Cependant, leurs contributions ont souvent été négligées dans l’historiographie traditionnelle. J’ai remarqué que dans les débats sur «l’Histoire du présent», les femmes étaient souvent minoritaires, tant en termes de sujets abordés que de nombre d’historiennes invitées à participer. Cette «déféminisation» de l’historiographie marocaine s’est traduite par un désintérêt pour les femmes en tant qu’actrices historiques, un domaine qui mérite d’être approfondi. Ce qui est formidable, c’est qu’il existe une génération de femmes universitaires qui se saisissent de ces questions. Mais je les encourage vivement à étendre leurs méthodologies et leurs réflexions à ce domaine.
Comment la représentation des expériences des femmes durant les «années de plomb» a évolué au fil du temps, dans l’historiographie marocaine ?
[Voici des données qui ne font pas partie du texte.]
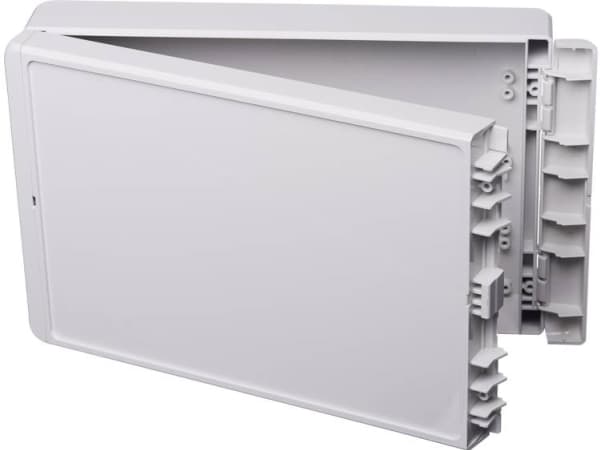 Bopla Bocube B 261706 PC-V0-7035 96016325 #####Outdoor-Gehäuse 170 x 271 x 60 #####Polycarbonat V0 Gråhvid (RAL 7035) 1 stk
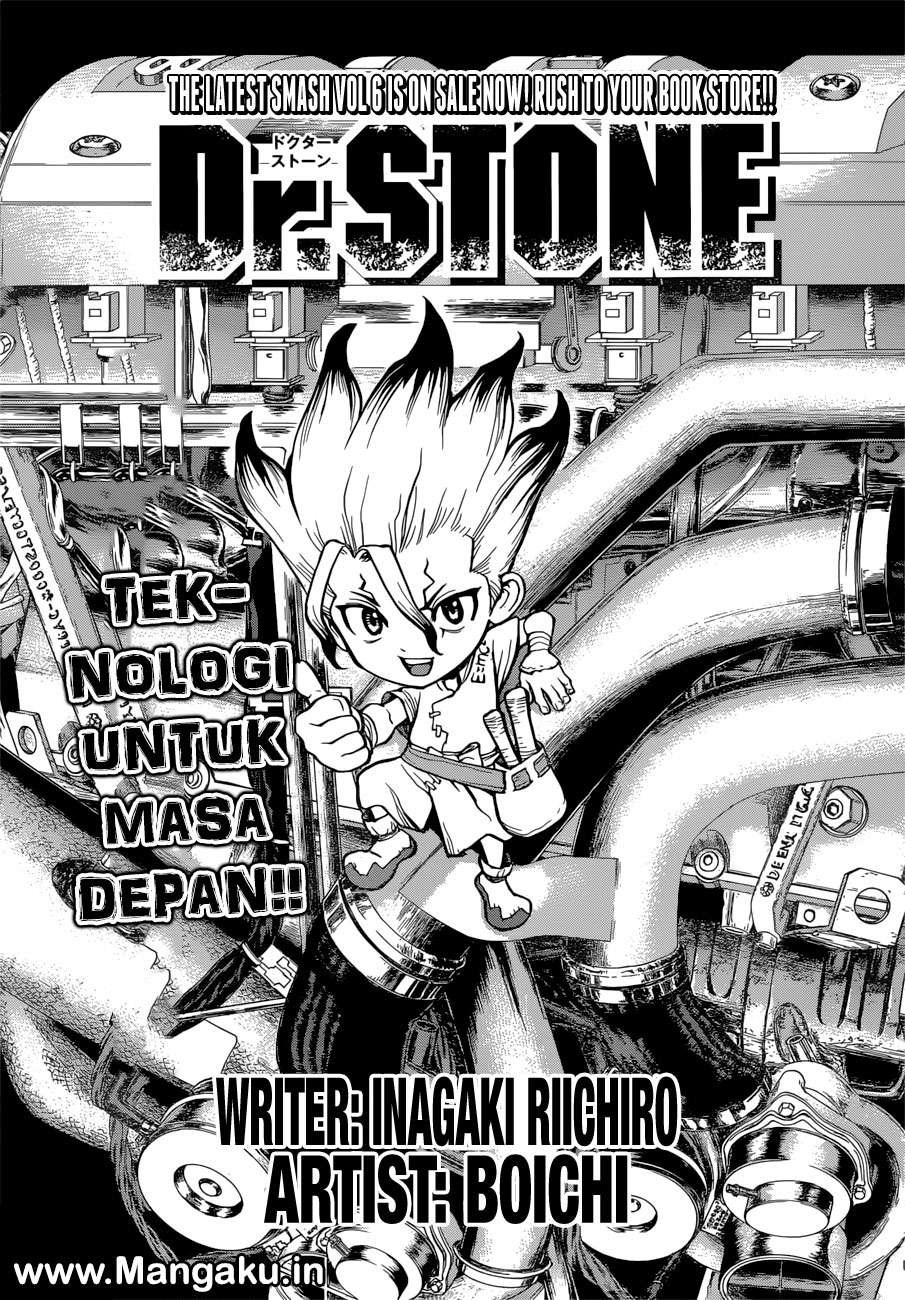 Manga Dr. Stone Chapter 67 gambar nomor 2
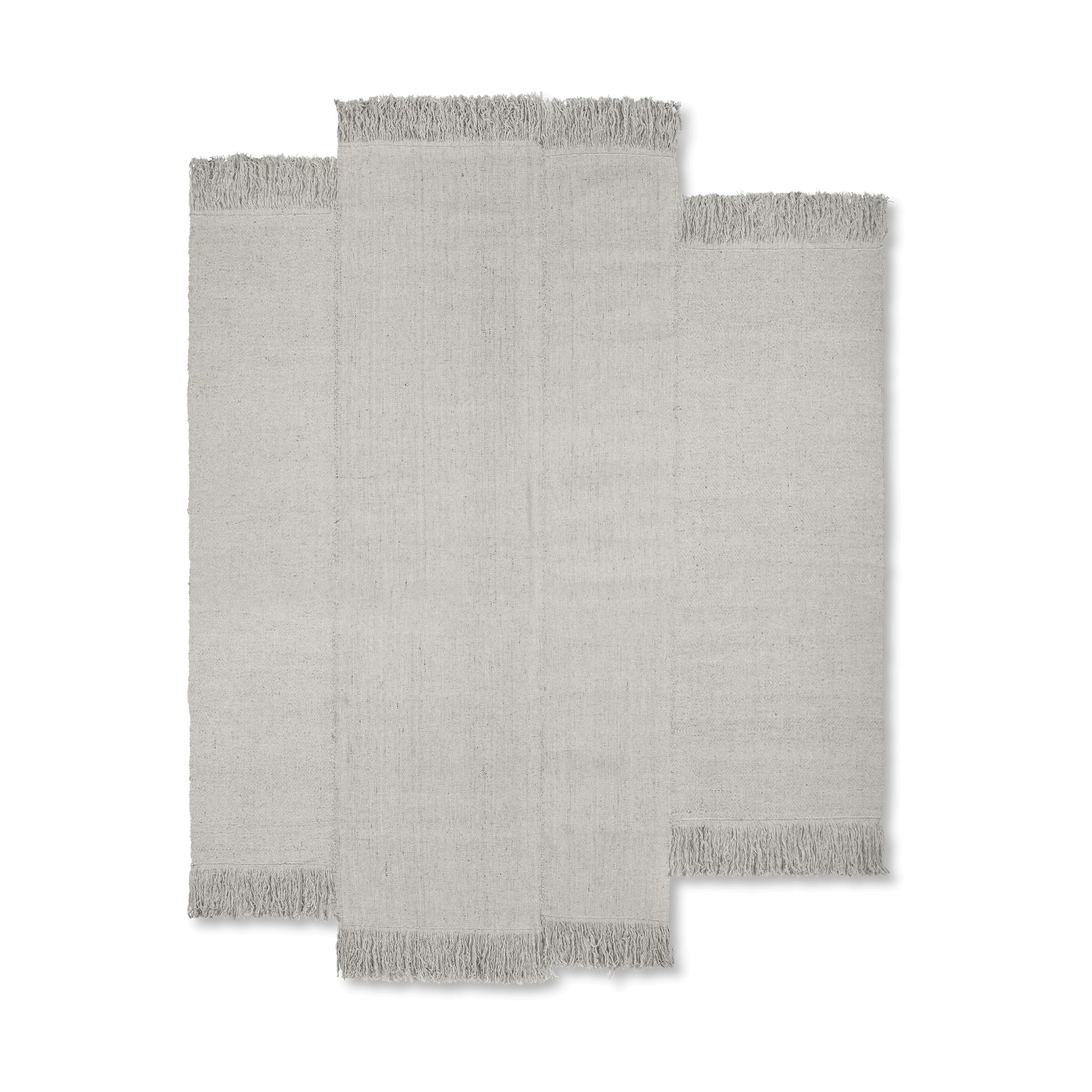 Tapis en laine Alter, Naturel, 300x350 cm Ferm Living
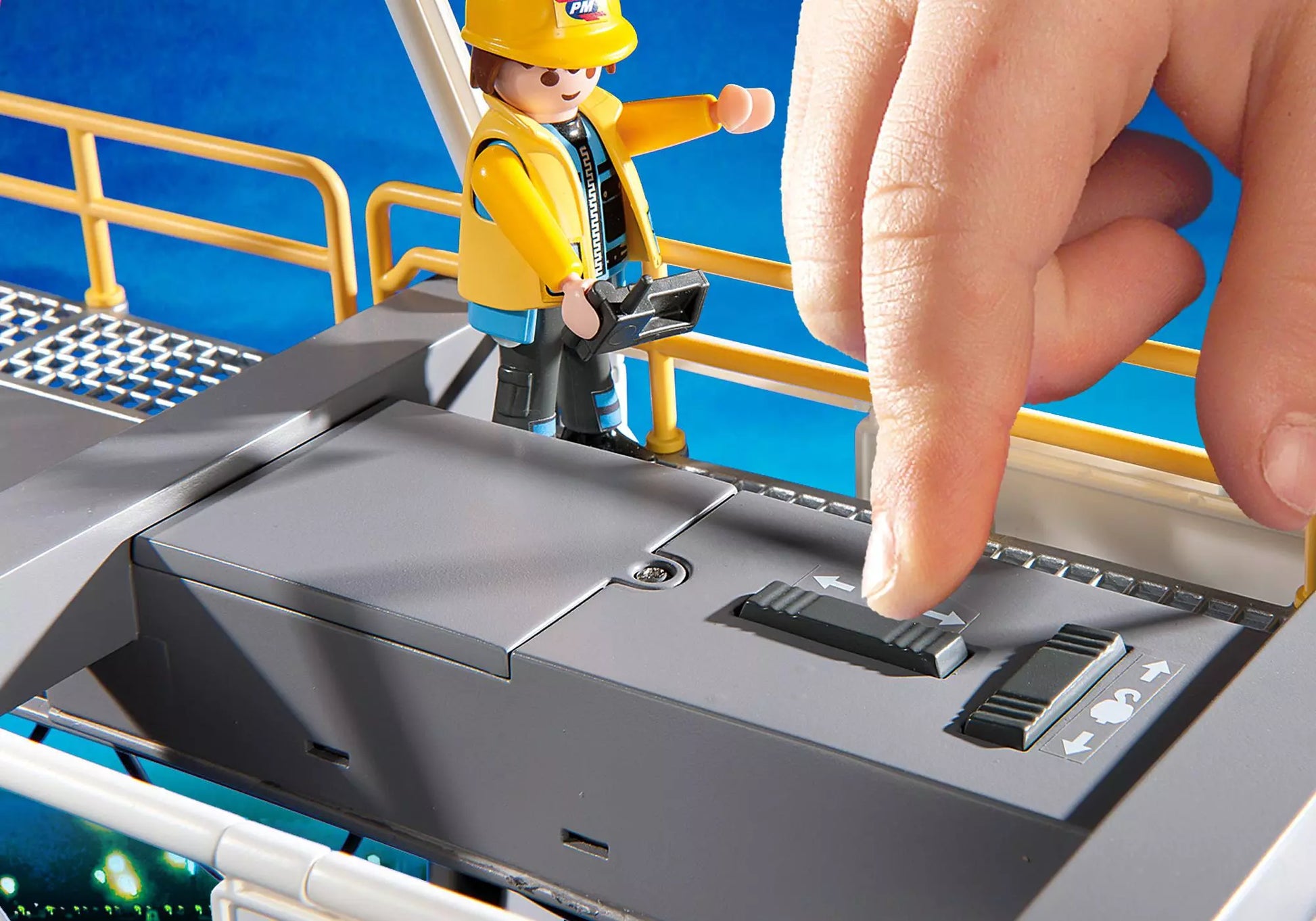 Playmobil 5254 Sammlerstück City Action Elektrisches Verladeterminal - plegobil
Au début, les récits historiques ne faisaient pas un large écho des expériences des femmes. Au fil du temps, le rôle des femmes, en tant que victimes et actrices, a été de plus en plus reconnu. Cependant, l’historiographie marocaine continue de se déféminiser, les femmes étant souvent considérées comme un sujet minoritaire ou comme une simple poignée de participantes. Cela dit, les études de genre se sont beaucoup développées dans notre pays. Nos concitoyennes ont largement la possibilité de réécrire leur propre histoire à partir de leurs perspectives et de leurs expériences. Plus les approches et les méthodologies sont nombreuses, plus nous acquérons de connaissances sur ces sujets.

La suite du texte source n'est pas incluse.